→ **About this task**:
Beneath this line are the data; copy exactly the part of them that opens with the line containing "By installing the" and closes with the line containing "What you need", and only that part.
··· Task inputs
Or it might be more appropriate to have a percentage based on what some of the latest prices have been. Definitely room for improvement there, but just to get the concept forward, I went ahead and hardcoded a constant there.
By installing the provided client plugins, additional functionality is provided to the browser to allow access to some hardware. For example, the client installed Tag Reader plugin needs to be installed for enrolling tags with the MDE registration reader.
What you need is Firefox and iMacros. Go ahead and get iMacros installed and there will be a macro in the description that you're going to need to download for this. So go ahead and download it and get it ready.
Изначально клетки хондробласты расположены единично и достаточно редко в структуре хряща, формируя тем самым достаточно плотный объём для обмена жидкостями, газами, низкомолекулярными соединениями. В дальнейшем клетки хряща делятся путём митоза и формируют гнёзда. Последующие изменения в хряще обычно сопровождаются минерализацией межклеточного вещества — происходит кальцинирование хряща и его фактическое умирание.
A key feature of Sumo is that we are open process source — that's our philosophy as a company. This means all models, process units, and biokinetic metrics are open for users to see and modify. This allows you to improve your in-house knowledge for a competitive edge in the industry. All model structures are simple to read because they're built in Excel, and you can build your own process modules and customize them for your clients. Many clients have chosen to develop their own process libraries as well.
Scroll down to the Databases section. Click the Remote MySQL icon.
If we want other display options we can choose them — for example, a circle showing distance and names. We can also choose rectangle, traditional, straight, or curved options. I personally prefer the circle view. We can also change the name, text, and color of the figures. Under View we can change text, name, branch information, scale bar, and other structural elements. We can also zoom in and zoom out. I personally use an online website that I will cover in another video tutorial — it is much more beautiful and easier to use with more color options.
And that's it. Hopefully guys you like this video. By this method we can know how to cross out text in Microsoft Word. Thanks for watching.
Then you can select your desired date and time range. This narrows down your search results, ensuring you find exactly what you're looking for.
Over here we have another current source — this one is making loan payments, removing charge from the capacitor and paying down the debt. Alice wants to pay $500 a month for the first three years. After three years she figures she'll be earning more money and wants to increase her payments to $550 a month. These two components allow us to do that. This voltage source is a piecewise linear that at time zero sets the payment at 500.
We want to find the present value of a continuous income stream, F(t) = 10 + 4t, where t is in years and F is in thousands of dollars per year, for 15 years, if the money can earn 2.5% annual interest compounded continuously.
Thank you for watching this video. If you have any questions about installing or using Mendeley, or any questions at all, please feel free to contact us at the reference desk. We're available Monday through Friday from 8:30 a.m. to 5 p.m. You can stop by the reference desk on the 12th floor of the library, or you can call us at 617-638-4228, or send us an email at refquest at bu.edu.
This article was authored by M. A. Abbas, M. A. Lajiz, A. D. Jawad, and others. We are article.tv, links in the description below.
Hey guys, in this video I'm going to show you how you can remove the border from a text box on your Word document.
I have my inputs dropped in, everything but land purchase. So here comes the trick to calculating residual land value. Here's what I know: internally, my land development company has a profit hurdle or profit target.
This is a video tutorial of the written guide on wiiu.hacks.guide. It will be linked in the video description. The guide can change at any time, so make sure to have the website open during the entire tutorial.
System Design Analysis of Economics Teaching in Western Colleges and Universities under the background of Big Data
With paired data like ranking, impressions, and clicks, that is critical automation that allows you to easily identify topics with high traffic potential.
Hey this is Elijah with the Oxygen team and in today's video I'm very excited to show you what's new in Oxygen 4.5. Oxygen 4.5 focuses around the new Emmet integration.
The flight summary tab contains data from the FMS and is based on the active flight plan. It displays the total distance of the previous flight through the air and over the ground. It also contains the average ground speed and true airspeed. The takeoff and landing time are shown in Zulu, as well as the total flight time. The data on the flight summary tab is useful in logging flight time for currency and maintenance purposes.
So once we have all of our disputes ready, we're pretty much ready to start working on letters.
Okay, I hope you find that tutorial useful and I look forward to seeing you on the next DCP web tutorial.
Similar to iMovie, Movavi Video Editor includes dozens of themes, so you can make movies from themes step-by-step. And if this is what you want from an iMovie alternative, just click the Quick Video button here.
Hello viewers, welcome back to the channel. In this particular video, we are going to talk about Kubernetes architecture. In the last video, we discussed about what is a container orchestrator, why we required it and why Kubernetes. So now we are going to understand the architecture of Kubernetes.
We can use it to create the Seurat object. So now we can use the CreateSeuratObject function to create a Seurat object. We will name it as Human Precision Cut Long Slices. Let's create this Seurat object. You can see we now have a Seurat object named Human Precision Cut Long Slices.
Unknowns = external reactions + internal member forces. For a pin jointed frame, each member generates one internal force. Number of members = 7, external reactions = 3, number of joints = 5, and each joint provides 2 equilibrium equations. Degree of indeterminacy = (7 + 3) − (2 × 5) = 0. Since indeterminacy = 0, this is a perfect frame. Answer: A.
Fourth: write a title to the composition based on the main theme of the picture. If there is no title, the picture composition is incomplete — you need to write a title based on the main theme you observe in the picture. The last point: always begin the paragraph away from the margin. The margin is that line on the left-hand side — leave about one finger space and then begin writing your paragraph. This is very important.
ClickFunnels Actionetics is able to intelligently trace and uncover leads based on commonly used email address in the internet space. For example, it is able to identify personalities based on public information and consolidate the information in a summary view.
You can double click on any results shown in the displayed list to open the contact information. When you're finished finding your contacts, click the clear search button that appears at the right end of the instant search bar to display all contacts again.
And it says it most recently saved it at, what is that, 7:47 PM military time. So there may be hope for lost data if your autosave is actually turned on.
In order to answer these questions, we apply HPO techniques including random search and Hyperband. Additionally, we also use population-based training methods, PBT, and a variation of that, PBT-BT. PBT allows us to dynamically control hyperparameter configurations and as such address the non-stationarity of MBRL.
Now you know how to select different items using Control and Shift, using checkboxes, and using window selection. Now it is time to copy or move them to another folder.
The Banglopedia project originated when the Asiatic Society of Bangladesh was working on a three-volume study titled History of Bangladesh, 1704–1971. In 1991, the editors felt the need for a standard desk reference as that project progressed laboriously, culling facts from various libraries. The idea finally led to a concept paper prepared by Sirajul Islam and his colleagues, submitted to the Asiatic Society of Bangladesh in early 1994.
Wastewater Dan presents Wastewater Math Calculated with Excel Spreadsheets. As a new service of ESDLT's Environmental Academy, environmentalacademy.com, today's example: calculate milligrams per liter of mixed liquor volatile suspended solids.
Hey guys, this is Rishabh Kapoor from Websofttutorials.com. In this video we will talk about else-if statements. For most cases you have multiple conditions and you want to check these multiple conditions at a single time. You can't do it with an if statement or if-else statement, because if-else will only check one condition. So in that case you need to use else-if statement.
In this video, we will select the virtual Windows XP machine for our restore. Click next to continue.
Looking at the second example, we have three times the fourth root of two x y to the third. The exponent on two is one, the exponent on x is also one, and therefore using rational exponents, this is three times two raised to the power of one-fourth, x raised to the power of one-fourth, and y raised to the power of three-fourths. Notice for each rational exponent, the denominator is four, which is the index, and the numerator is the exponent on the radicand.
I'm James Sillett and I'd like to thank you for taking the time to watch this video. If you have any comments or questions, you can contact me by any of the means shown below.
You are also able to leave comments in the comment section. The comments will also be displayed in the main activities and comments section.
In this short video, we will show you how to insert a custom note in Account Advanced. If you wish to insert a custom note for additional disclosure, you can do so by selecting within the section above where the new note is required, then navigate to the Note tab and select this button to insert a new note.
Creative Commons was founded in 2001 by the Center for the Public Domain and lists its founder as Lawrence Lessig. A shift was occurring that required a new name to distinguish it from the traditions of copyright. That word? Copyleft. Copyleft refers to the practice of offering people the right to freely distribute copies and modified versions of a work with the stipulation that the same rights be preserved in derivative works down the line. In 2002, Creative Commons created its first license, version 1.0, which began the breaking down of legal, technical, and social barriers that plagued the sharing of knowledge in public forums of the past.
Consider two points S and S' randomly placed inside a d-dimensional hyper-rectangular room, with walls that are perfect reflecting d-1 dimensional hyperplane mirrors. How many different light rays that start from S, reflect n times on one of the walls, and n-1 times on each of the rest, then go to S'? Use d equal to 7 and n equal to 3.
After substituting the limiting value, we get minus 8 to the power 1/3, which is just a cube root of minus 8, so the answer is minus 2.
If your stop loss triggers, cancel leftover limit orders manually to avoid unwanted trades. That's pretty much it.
······
→ **Written solution**:
By installing the provided client plugins, additional functionality is provided to the browser to allow access to some hardware. For example, the client installed Tag Reader plugin needs to be installed for enrolling tags with the MDE registration reader.
What you need is Firefox and iMacros. Go ahead and get iMacros installed and there will be a macro in the description that you're going to need to download for this. So go ahead and download it and get it ready.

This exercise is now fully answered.